Published in Speaking Tree on February 20, 2011.
Egypt has been the land of revolutions, the ouster of Mubarak being only the most recent one. 3400 years ago, in the 13th century BC, another revolution took place in Egypt that has been the subject of much speculation. It was a short-lived revolution but one that is believed to have profound effects on world religions. It was the revolution of Akhenaten, the Pharoah who perhaps introduced the idea of monotheism to the world.
Akhenaten is more famous as the husband of Nefertiti, whose bust is considered as the representation of the most beautiful woman of the ancient world. To understand Akhenaten’s revolution, one must know a little bit about Egyptian society.

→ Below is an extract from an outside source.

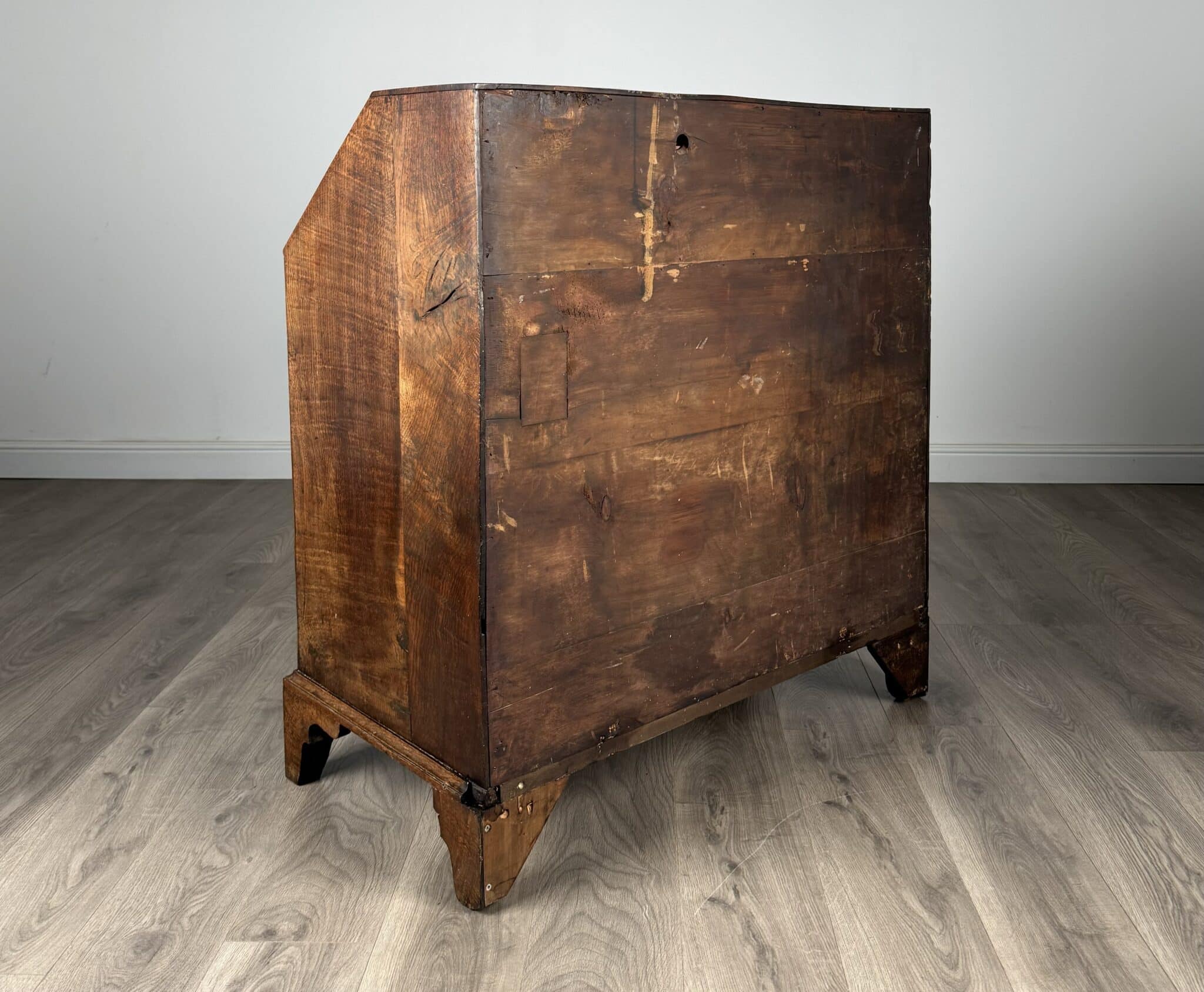 Antique 18th Century Good Quality Bureau In Oak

Egypt civilization emerged on the banks of the river Nile that cut through the Sahara desert. The annual flooding of the river created rich fertile agriculatural lands. This made Egypt very rich. The desert on one side, and the sea on the other, offered it relative isolation, hence security. It gave people enough peace and prosperity to wonder about death and the afterlife. The Egyptians concluded that one lives two lives: the current mortal one and the future immortal one. One has to spend the current life investing in securing the latter one. This was done by following strict rituals and worship of gods and goddesses who created order both here and in the hereafter. So strict were these rituals of order that Egyptian art did not display any sign of individualism. Every image was formal and followed a set template. This template did not change for 3000 years, a remarkable feat of standardization and collectivism.
All rituals revolved around the Pharoah, who was not just ruler but also a living god, a representation of gods and goddesses, carrying the spirit of eagle-headed Horus, the son of Osiris. Horus was the god of the current mortal life while Osiris was the ruler of the eternal hereafter. Pyramids were built, the dead were mummified and elaborate rites conducted to ensure the dead make their journey from the land of Horus to the land of Osiris. This singular goal shaped every aspect of Egyptian life.

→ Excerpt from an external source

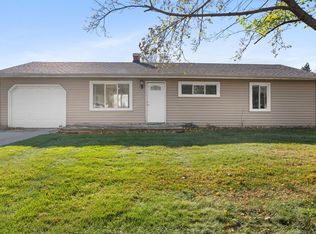 5011 Three Oaks Rd, Crystal Lake, IL 60014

Then came Akhenaten. He challenged this rigid framework. He established the worship of a new god, Aten, represented only by the sun-disc. He declared himself the earthly representation of Aten and expected people to worship Aten through him, to the horror of the traditional priests. He changed his name from Amenhotep (Amun is satisfied) to Aten (living spirit of Aten).. Amun refers to the sun-god who is closely associated with Horus. Thus he rejected the earlier pantheon and created new rituals, even a new city. His representations are unique in Egyptian art in that they are rather misshapen, with a pot belly, lacking the formal grace of earlier kings, leading one to speculate that they are more realistic. His images with his wife and children are more casual, intimate and emotional, something rarely seen in Egyptian art. This was without doubt a revolution.
Details of this revolution is scant and has led to much speculation. Freud concluded that Moses lived in Akhenaten’s court and was inspired by him (or inspired him) into monotheism and that when the old order wiped out all traces of this revolutonary king, Moses was kicked out of Egypt and he went on to establish Judaism. Other believe that Akhenaten was probably diseased and suffered from some hormonal condition. Still others believe that Akhenaten was a megalomaniac. Or perhaps a free spirit, who elevated Nefertiti to the position of co-monarch, allowing her to be depicted as pharoah. There is even a school of thought that says that he was a bisexual, which explains images of him both as Nerfertiti’s husband and the beloved of a man called Smenkhkare. No one knows for sure. But something interesting happened in Egypt all those centuries ago that even inspired Agatha Christie, the famous detective novelist, to write a play on him.